What this task involves:
Reproduce the listing exactly, with no pictures in your copy.

Recorded information:

=== Section Start ===

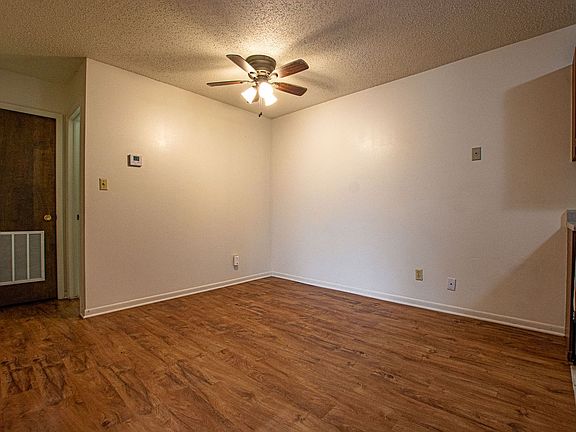 3rd image of 2332 N Cotner Blvd #8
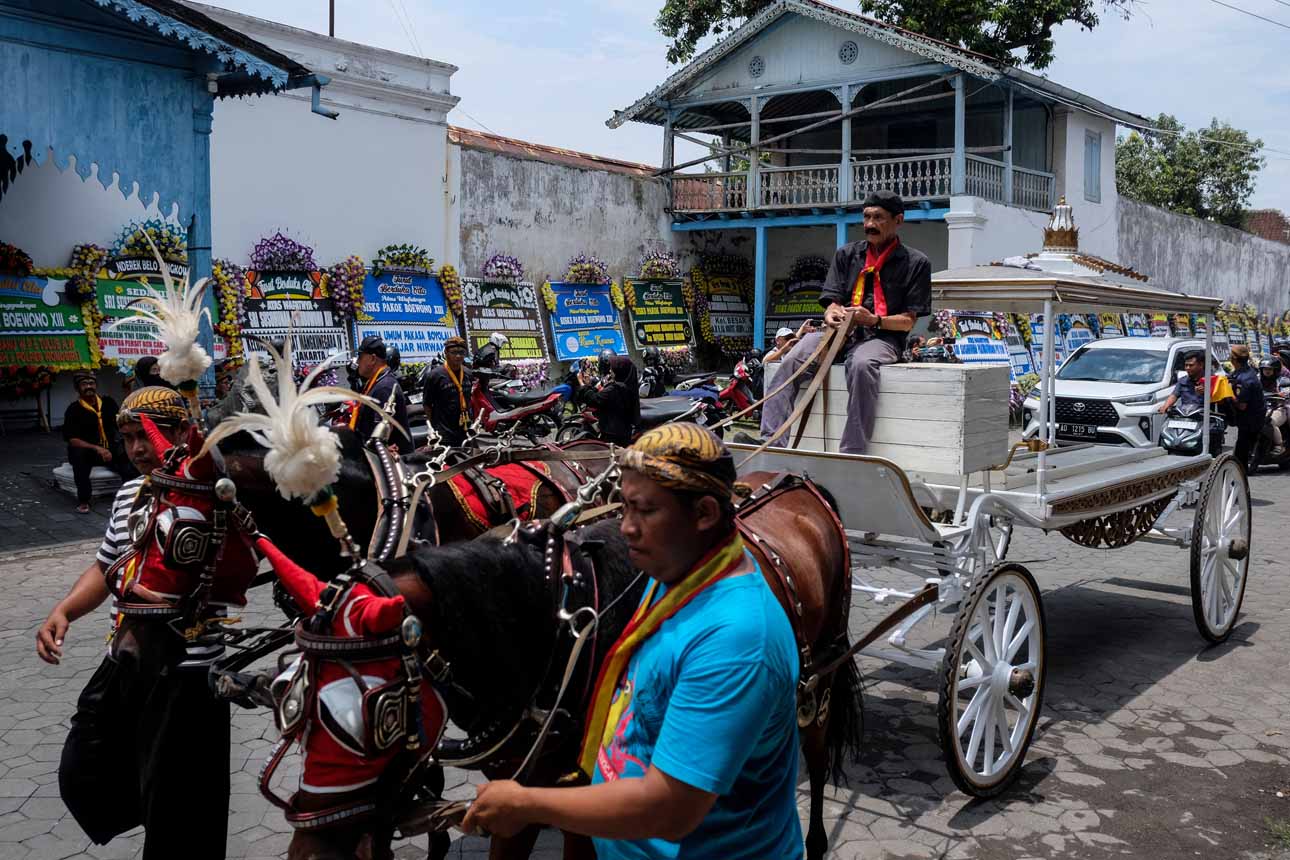 Rangkaian Persiapan Pemakaman Raja Solo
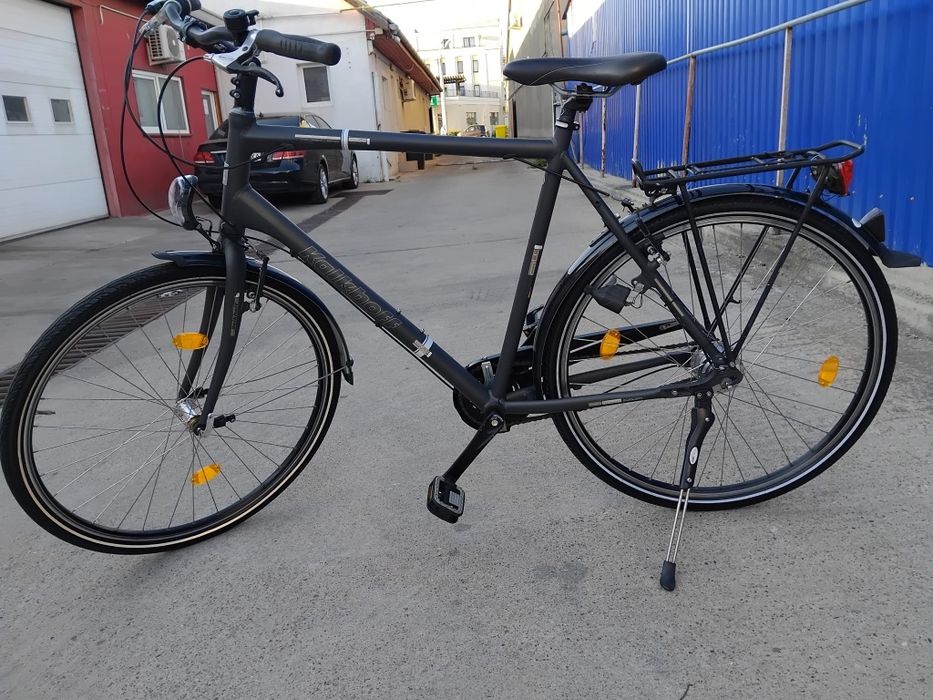 Vând bicicleta din aluminiu pentru bărbați înalți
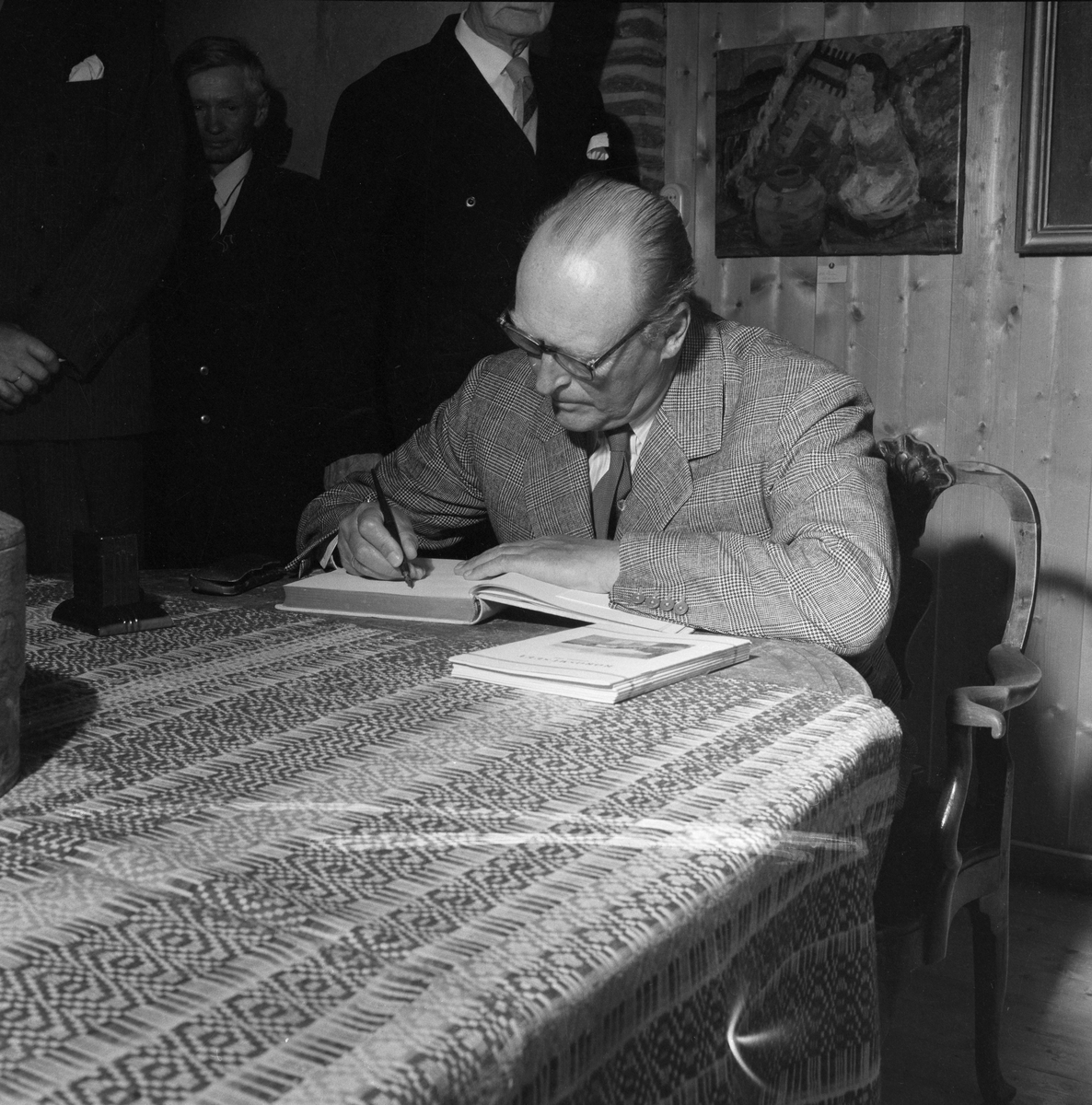 H.K.H. Kronprins Olav på museumsbesøk på Røros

=== Section End ===

Result for this task:
 3rd image of 2332 N Cotner Blvd #8
 Rangkaian Persiapan Pemakaman Raja Solo
 Vând bicicleta din aluminiu pentru bărbați înalți
 H.K.H. Kronprins Olav på museumsbesøk på Røros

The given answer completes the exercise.